New York City Mayor Michael Bloomberg has unveiled a massive $20B plan to protect the city from again suffering the devastating flooding wrought by Hurricane Sandy. The plan calls for an extensive network of barriers, levees, and bulkheads along parts of the city’s 520 miles of waterfront. That $20B figure is just a jumping off point and is approximately equal to the damage estimates from the storm.
In the first phase of building defenses, the report released on Tuesday calls for erecting barriers at Hunts Point in the Bronx to protect the food distribution center, on the East Harlem waterfront along Franklin D. Roosevelt Drive, on the East Side where several of the city’s hospitals are, on the Lower East Side, in Chinatown, in the financial district and in Red Hook, Brooklyn. On Staten Island, the plan calls for a system of permanent levees. Along some parts of the coast, stone or concrete bulkheads would be installed, while in other places, dune systems would be built. The city’s power infrastructure also should be better protected, the report said. Currently, 53 percent of power plants are in threatened neighborhoods. By the 2050s, according to the report, 97 percent will be.

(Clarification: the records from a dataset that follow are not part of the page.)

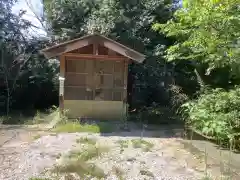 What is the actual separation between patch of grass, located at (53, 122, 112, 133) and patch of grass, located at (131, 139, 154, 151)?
1.45 meters

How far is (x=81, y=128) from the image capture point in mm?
8250

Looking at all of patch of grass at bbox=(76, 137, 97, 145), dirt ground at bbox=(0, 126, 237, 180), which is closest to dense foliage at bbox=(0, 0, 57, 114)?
dirt ground at bbox=(0, 126, 237, 180)

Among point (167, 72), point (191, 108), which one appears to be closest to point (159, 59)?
point (167, 72)

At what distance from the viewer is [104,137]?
740cm

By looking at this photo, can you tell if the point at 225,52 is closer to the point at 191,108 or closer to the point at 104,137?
the point at 191,108

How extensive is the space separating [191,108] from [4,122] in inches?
257

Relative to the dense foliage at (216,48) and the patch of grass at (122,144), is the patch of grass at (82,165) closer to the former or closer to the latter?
the patch of grass at (122,144)

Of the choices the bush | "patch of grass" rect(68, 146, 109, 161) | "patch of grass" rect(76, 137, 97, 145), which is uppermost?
the bush

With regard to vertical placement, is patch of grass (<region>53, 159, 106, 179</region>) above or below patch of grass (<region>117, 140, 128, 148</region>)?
below

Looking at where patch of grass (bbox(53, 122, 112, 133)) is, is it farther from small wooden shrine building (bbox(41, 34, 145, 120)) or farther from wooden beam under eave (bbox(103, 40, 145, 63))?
wooden beam under eave (bbox(103, 40, 145, 63))

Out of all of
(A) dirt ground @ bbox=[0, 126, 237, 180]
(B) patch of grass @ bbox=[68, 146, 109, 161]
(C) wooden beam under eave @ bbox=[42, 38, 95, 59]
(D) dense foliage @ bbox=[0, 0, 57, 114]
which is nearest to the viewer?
(A) dirt ground @ bbox=[0, 126, 237, 180]

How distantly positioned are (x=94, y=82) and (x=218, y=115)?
169 inches

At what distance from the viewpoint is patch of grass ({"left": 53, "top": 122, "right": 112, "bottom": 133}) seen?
8.16m

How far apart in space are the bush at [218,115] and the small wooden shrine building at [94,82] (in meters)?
2.68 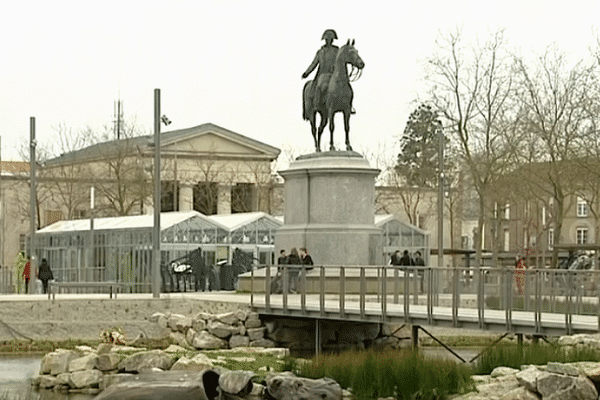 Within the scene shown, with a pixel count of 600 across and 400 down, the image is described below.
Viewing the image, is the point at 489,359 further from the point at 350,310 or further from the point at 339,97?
the point at 339,97

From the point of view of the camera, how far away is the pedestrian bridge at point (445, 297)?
33.5 m

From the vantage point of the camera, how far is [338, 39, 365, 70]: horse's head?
51312 mm

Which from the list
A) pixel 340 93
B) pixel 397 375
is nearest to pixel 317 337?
pixel 340 93

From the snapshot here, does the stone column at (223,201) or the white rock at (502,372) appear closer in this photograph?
the white rock at (502,372)

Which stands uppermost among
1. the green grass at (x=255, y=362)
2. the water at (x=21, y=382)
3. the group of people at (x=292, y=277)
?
the group of people at (x=292, y=277)

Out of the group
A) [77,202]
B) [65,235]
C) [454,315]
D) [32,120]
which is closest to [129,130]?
[77,202]

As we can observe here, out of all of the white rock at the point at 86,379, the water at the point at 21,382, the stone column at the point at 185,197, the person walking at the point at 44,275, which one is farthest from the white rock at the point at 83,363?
the stone column at the point at 185,197

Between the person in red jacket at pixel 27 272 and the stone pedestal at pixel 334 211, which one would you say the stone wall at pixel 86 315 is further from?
the person in red jacket at pixel 27 272

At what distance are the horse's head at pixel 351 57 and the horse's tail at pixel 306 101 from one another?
171 centimetres

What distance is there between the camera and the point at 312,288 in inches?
1656

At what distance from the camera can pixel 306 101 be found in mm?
52406

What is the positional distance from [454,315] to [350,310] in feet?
14.3

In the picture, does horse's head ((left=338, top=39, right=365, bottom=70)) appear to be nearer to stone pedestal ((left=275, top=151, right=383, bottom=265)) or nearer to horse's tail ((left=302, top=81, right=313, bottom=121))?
horse's tail ((left=302, top=81, right=313, bottom=121))

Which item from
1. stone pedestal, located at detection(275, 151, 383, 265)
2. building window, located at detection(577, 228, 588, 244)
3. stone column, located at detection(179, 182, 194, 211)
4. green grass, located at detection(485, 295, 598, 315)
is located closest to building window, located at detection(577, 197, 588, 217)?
building window, located at detection(577, 228, 588, 244)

Aside from the damage to city and state owned infrastructure, the storm cost private businesses billions more. Among the hardest hit were downtown business and residential towers, most of which had key electrical and mechanical systems in their basements. Some of those buildings went up shortly after the Bloomberg administration invested hundreds of millions to develop parks and other public areas on the shorelines of lower Manhattan and Brooklyn.